PRIVMUL: PRIVilege separation for Multi-user Logic applications

A. Mambretti

In every computer system, bugs and vulnerabilities have always been cause of many security problems and malfunctioning. The size and the number of people that design and build these systems are growing and with them also the probability that mistakes are accidentally inserted.Privilege escalation is one of the most well known problems correlated with bugs and vulnerabilities where an attacker, exploiting a privileged software, is able to execute functionalities that belong to privilege levels higher than his/her user profile.Several works in this area try to either prevent or defeat privilege escalation in computer systems.

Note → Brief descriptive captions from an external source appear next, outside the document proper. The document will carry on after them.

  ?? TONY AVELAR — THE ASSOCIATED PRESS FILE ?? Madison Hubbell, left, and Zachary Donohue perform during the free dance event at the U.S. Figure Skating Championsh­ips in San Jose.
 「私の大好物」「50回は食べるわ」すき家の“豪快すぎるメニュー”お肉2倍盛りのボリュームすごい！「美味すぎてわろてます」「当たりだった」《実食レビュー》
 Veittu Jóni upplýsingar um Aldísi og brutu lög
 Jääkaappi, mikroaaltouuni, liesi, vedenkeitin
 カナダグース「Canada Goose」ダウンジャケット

Most of them work on the specific privilege separation inside the Operating System (O.S.), trying to avoid that the exploitation of a privileged software brings an attacker to gain administrative privilege level that will allow the attacker to have the machine control. However, a recent work shows that not only operating systems are suitable for privilege escalation but also multi-user logic application could suffer from this issue. It shows how a user could access functionalities of other users’ profiles exploiting the new GEM vulnerabilities class.In this work, I present a new security mechanism that applies privilege separation to multi-user logic application to defeat privilege escalation and data leak. PRIVMUL, the system I present, provides a new mechanism to write or adapt this kind of application. PRIVMUL links the application to the operating system, through new provided APIs, that guarantee the safe execution of every operation.The approach I propose protects the code and data of other profiles from unauthorized access by the current profile that is running the application. To achieve this protection PRIVMUL temporarly removes all the access rights on the memory pages to profiles that are different from the current one. It also aims to protect dynamic data providing a chunk based tracker along with the support of the operating system. PRIVMUL, to be flexible, supports a runtime profile switch through an authentication mechanism.The experimental results show that this approach introduces an acceptable overhead that does not impact the overall usability of the protected application.